Print the lines in the listing below that fall between the line with "Casta CST 1198 PNKGLD" and the line with "HOTEL SUMUS MONTEPLAYA", those two lines included, exactly as they stand and with nothing else.

> Material for the task

○ ○ ○ ○ ○

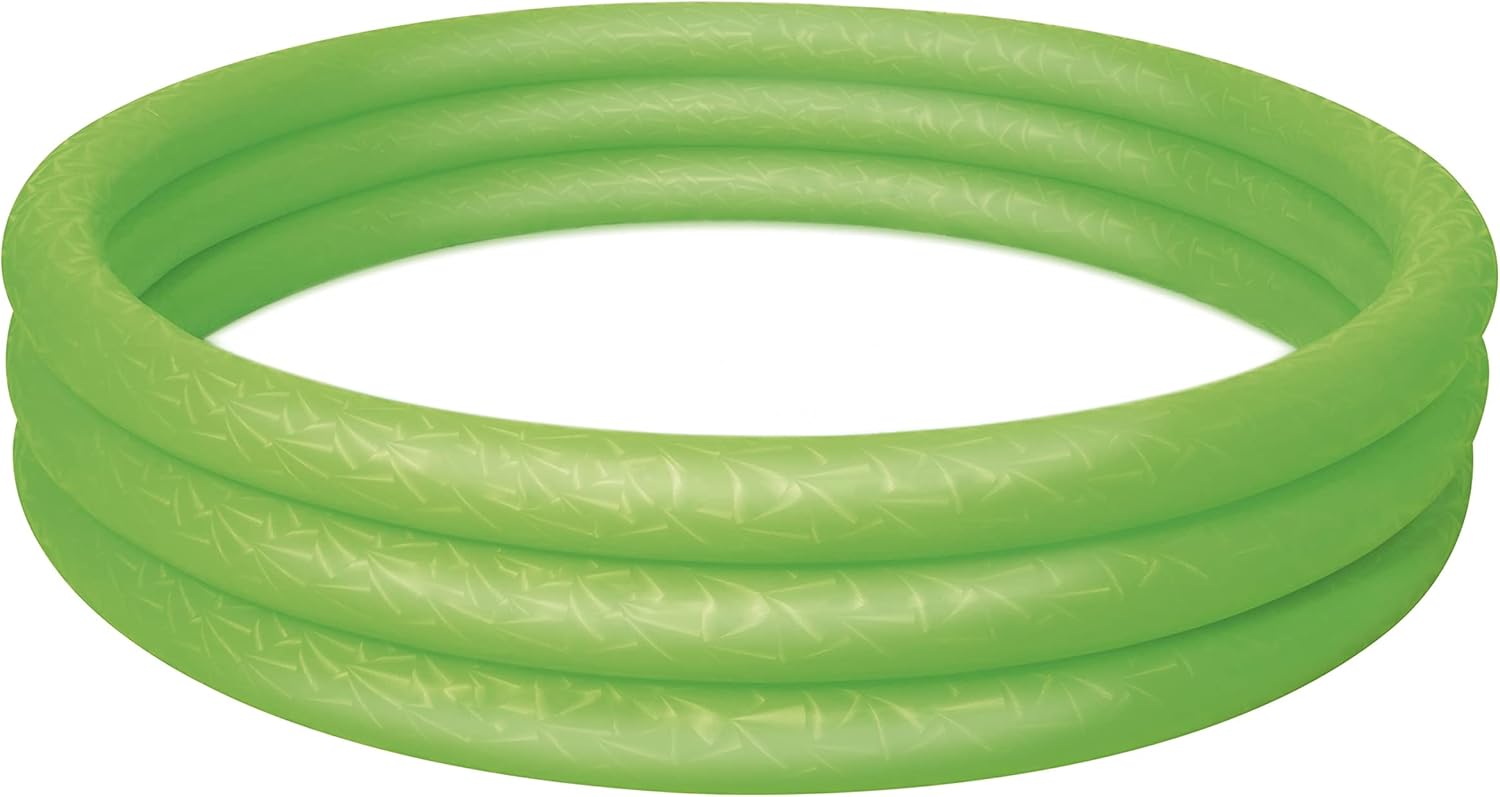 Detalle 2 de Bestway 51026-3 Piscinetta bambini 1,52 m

○ ○ ○ ○ ○

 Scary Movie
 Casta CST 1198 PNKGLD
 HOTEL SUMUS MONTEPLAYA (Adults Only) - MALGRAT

○ ○ ○ ○ ○

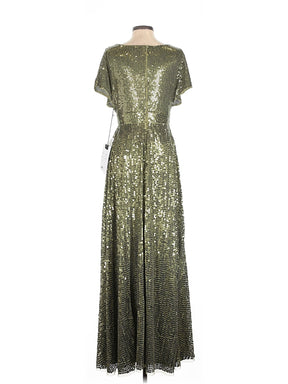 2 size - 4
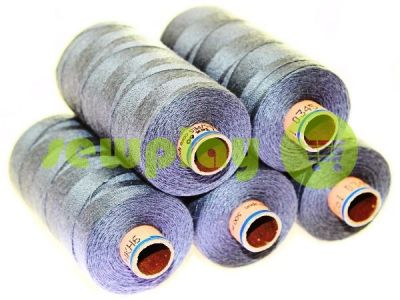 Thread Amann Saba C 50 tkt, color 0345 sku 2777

○ ○ ○ ○ ○

> Result of the exercise
 Casta CST 1198 PNKGLD
 HOTEL SUMUS MONTEPLAYA (Adults Only) - MALGRAT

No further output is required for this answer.